▶ [Task details]:
Transcribe word for word the lines below from the line with "バイカラートレーナー お客様からのご指名素材ふわっとピーチの肌触り無地裏毛(80cm 90cm" through the line with "Bolso Loewe Amazona Beige y Marrón", ends included.

▶ [Source records]:
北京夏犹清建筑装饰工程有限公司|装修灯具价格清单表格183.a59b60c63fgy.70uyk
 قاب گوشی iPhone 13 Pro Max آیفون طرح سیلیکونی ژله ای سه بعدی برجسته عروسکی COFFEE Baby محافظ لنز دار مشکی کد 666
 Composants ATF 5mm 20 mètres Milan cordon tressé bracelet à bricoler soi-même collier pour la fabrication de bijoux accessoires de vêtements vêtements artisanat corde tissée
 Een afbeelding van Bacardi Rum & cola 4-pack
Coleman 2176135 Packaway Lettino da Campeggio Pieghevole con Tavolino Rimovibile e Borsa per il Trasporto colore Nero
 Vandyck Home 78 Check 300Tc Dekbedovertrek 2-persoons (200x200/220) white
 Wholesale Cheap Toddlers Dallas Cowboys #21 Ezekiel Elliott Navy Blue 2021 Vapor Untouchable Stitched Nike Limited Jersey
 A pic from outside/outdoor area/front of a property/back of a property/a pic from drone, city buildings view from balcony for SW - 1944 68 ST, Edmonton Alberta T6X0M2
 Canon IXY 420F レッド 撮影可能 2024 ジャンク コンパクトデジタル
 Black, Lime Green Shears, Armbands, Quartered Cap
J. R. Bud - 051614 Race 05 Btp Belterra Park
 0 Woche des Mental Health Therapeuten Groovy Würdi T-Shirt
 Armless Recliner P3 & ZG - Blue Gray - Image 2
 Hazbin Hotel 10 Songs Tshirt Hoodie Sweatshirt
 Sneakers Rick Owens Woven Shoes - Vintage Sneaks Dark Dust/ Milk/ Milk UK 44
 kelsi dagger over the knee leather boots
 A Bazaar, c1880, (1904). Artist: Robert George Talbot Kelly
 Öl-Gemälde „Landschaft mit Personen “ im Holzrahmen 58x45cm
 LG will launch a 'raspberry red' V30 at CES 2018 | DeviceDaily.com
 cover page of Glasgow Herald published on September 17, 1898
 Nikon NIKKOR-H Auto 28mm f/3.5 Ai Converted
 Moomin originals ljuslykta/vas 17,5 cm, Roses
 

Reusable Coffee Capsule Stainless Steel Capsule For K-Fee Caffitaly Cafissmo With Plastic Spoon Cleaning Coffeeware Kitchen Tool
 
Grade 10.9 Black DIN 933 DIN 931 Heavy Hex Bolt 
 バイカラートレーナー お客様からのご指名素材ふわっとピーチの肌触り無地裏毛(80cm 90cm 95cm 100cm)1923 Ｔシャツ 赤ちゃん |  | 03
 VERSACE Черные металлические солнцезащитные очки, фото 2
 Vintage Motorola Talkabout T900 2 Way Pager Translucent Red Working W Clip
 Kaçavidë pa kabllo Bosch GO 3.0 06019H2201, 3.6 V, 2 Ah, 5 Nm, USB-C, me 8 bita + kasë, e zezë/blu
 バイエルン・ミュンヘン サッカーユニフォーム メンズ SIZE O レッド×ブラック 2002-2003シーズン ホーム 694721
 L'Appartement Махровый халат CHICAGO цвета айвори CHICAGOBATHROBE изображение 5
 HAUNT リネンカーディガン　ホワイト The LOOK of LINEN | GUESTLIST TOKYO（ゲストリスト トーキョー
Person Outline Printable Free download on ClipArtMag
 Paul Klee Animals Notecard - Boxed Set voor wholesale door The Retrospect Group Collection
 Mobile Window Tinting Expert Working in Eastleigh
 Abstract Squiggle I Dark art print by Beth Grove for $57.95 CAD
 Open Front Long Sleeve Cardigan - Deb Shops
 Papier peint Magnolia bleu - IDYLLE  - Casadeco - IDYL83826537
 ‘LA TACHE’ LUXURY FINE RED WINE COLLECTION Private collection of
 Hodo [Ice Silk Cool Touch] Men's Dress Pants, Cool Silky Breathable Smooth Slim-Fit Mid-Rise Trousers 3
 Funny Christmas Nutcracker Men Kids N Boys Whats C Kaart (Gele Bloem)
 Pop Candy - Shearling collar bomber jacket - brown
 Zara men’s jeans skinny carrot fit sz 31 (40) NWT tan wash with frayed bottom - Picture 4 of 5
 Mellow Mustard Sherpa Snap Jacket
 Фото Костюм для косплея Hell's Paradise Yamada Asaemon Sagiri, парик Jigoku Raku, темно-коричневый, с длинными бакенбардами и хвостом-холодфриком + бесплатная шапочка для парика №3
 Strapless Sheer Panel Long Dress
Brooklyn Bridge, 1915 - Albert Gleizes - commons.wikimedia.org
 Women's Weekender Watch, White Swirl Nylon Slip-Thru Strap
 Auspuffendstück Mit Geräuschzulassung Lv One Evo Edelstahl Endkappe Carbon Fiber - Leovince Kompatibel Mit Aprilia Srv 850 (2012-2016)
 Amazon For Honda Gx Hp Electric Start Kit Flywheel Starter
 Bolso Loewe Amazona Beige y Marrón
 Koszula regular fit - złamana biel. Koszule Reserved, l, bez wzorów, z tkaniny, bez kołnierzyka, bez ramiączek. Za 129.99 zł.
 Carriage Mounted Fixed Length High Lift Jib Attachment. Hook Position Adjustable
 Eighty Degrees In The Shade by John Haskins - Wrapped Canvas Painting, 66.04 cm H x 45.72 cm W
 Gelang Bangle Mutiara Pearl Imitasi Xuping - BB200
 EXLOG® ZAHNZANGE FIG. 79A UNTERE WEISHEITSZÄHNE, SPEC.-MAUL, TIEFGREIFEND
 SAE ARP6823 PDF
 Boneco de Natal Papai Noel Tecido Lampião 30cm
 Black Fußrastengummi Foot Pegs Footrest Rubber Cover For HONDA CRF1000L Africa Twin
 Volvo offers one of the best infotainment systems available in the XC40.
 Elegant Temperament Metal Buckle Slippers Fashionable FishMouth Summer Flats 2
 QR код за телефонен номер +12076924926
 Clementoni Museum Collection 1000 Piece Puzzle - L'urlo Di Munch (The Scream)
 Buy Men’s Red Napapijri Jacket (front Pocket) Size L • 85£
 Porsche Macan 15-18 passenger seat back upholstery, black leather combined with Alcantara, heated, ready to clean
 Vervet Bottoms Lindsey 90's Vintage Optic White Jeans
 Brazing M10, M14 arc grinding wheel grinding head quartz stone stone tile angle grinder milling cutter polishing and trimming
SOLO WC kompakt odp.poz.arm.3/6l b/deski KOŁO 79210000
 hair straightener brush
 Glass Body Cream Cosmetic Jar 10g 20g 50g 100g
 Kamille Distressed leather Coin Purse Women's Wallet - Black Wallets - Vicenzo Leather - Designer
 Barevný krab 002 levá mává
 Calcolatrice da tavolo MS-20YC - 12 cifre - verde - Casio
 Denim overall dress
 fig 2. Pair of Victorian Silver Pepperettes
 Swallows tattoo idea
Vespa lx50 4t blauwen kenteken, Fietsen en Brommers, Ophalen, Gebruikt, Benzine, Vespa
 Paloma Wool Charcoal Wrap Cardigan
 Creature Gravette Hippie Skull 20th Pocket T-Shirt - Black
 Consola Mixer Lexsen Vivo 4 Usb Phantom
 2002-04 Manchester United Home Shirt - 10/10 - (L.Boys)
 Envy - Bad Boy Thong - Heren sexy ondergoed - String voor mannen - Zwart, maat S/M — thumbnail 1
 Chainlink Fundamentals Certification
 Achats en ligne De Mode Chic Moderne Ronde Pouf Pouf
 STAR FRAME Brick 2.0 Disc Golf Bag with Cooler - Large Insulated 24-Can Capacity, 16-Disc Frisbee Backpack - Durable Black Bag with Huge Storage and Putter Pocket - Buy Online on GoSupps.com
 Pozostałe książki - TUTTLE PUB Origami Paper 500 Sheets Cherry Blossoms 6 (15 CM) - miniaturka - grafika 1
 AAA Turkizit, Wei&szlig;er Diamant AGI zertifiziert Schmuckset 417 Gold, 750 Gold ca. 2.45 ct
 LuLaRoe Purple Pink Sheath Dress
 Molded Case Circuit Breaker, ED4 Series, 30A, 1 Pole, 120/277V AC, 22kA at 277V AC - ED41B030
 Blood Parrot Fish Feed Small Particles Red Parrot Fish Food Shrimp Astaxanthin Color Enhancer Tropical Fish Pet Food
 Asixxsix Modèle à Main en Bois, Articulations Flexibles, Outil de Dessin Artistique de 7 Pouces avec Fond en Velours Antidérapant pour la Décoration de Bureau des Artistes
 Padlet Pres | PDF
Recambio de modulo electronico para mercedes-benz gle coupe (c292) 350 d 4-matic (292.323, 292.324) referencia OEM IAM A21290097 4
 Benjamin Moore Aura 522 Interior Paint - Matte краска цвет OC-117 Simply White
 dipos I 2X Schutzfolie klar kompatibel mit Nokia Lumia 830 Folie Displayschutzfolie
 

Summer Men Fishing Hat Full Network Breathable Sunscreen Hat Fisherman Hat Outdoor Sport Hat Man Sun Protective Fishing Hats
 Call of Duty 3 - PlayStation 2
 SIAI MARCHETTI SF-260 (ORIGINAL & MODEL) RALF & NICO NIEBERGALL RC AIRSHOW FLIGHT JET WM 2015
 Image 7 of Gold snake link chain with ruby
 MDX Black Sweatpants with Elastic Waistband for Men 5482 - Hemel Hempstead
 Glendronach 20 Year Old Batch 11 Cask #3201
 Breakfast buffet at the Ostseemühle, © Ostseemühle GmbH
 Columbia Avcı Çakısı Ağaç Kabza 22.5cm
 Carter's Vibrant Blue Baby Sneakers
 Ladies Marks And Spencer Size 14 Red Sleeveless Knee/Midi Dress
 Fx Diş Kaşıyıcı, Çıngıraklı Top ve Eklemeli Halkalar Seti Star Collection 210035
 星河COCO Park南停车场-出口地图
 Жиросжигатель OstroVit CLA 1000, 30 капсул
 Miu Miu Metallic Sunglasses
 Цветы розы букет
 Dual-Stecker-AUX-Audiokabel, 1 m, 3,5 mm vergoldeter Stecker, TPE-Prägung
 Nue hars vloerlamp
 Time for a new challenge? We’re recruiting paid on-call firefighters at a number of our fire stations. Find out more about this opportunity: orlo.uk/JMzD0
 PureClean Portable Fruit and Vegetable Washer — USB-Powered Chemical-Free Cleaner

▶ [Answer for the task]:
 バイカラートレーナー お客様からのご指名素材ふわっとピーチの肌触り無地裏毛(80cm 90cm 95cm 100cm)1923 Ｔシャツ 赤ちゃん |  | 03
 VERSACE Черные металлические солнцезащитные очки, фото 2
 Vintage Motorola Talkabout T900 2 Way Pager Translucent Red Working W Clip
 Kaçavidë pa kabllo Bosch GO 3.0 06019H2201, 3.6 V, 2 Ah, 5 Nm, USB-C, me 8 bita + kasë, e zezë/blu
 バイエルン・ミュンヘン サッカーユニフォーム メンズ SIZE O レッド×ブラック 2002-2003シーズン ホーム 694721
 L'Appartement Махровый халат CHICAGO цвета айвори CHICAGOBATHROBE изображение 5
 HAUNT リネンカーディガン　ホワイト The LOOK of LINEN | GUESTLIST TOKYO（ゲストリスト トーキョー
Person Outline Printable Free download on ClipArtMag
 Paul Klee Animals Notecard - Boxed Set voor wholesale door The Retrospect Group Collection
 Mobile Window Tinting Expert Working in Eastleigh
 Abstract Squiggle I Dark art print by Beth Grove for $57.95 CAD
 Open Front Long Sleeve Cardigan - Deb Shops
 Papier peint Magnolia bleu - IDYLLE  - Casadeco - IDYL83826537
 ‘LA TACHE’ LUXURY FINE RED WINE COLLECTION Private collection of
 Hodo [Ice Silk Cool Touch] Men's Dress Pants, Cool Silky Breathable Smooth Slim-Fit Mid-Rise Trousers 3
 Funny Christmas Nutcracker Men Kids N Boys Whats C Kaart (Gele Bloem)
 Pop Candy - Shearling collar bomber jacket - brown
 Zara men’s jeans skinny carrot fit sz 31 (40) NWT tan wash with frayed bottom - Picture 4 of 5
 Mellow Mustard Sherpa Snap Jacket
 Фото Костюм для косплея Hell's Paradise Yamada Asaemon Sagiri, парик Jigoku Raku, темно-коричневый, с длинными бакенбардами и хвостом-холодфриком + бесплатная шапочка для парика №3
 Strapless Sheer Panel Long Dress
Brooklyn Bridge, 1915 - Albert Gleizes - commons.wikimedia.org
 Women's Weekender Watch, White Swirl Nylon Slip-Thru Strap
 Auspuffendstück Mit Geräuschzulassung Lv One Evo Edelstahl Endkappe Carbon Fiber - Leovince Kompatibel Mit Aprilia Srv 850 (2012-2016)
 Amazon For Honda Gx Hp Electric Start Kit Flywheel Starter
 Bolso Loewe Amazona Beige y Marrón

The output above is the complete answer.